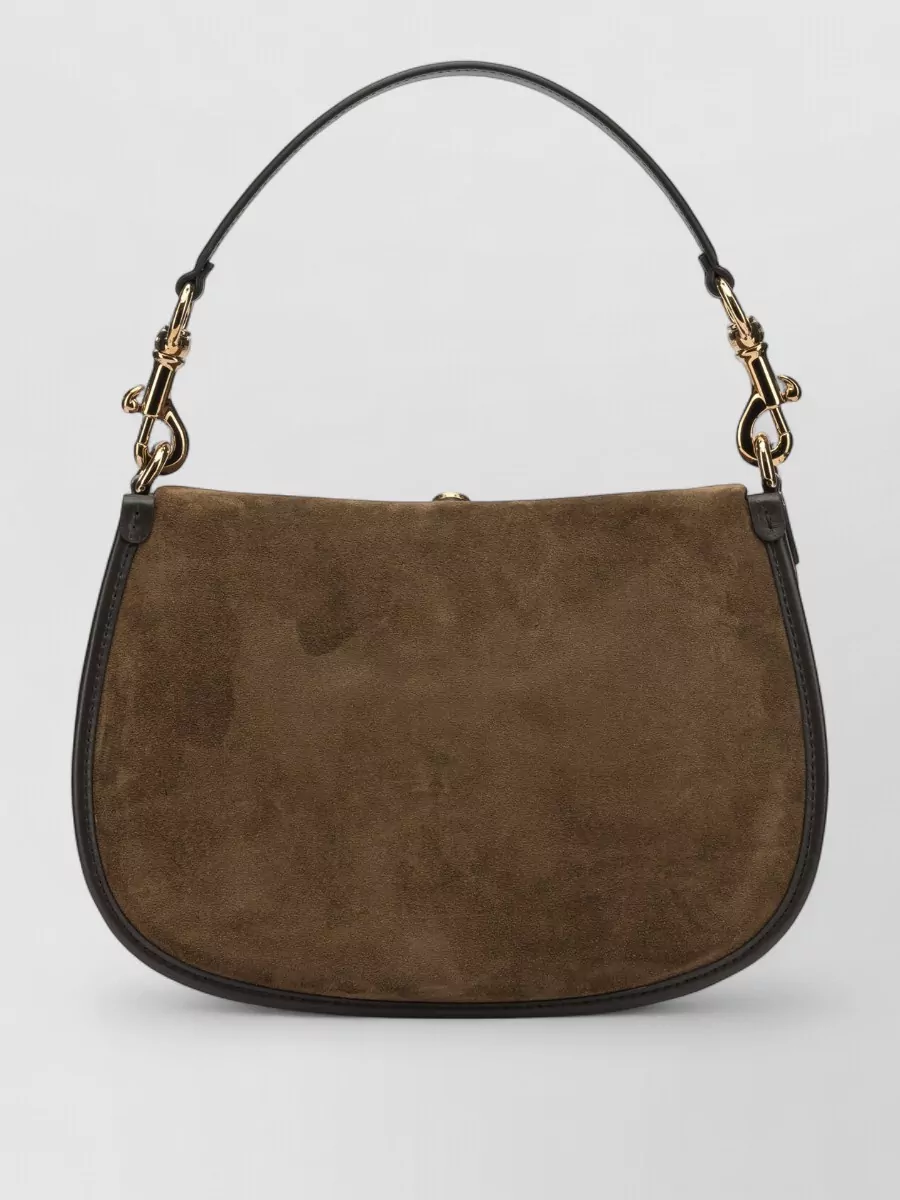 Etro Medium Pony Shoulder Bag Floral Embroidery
※ ※ ※
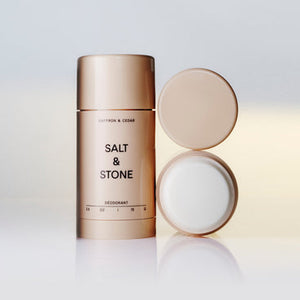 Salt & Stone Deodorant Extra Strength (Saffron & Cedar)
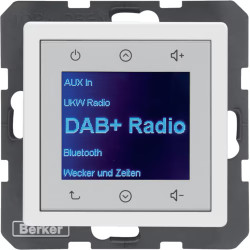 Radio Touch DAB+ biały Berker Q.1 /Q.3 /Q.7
※ ※ ※
**TASK REQUIREMENTS:** In the material above, one part opens with the line containing "Salt & Stone" and closes with the line containing "Radio Touch DAB+ biały Berker Q.1 /Q.3 /Q.7". Write out that part exactly and skip its pictures.

**WRITTEN RESPONSE:**
 Salt & Stone Deodorant Extra Strength (Saffron & Cedar)
 Radio Touch DAB+ biały Berker Q.1 /Q.3 /Q.7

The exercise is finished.